In what has become classic Nelson fashion, she said, emphasizing mine: “I am in favor of providing workers in the gig economy with a living wage. Corn my question is what type of analysis has been done to anticipate the impacts of the increase in the cost of deliveries on small businesses such as restaurants or on drivers.

Drivers aren’t impressed with his statement.

“She repeats the same things that companies say, ‘It’s okay for us to fuck people because it would cost us money if we didn’t,'” Pullman said. “We already know she’s not well educated on the subject, otherwise she wouldn’t say things like that.”

Council member Alex Pedersen, who recently voted against the workers with Nelson, asked about the precedent for these types of protections. During the vote to honor former mayor Jenny Durkan’s veto of the council’s decision to end hazard pay for grocery store workers, Pedersen doubled down and voted to end it again. He wanted workers to earn those protections in their own contract.

If he were to take over that position, Balzer said she had little time to lobby the board, let alone organize the gig economy.

“Drivers will see a $2 offer and just accept it because they need the money,” Pullman said. “I can’t expect this person to navigate creating a system that will benefit them. It would be like showing up and expecting you as a cook to do your own cooking before you get to work.

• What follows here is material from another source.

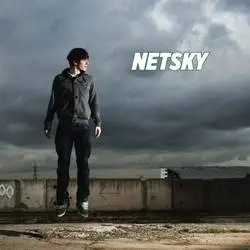 Album artwork for Net Sky by Netsky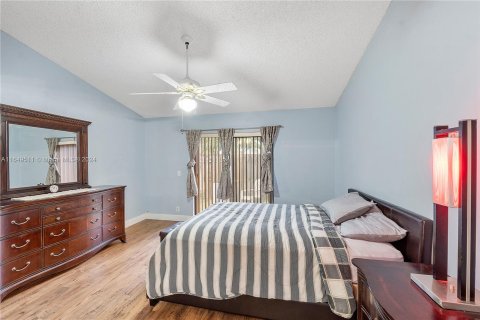 Touwnhouse à vendre à Boynton Beach, Floride: 2 chambres, 116.87 m2 № 1332449 - photo 20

He added: “That’s the council’s job.”

Starting Feb. 17, Councilwoman Lisa Herbold’s plan is to introduce the bill, which has already been discussed three times, in early March.

“Gig workers have been on the front lines during the pandemic, footing the bill for masks and other sanitizing equipment to maintain public health for themselves and their patrons,” Herbold said. “It’s high time we had a solution that guarantees a minimum wage, flexibility, transparency and guarantees that tips are tips and go directly to workers.”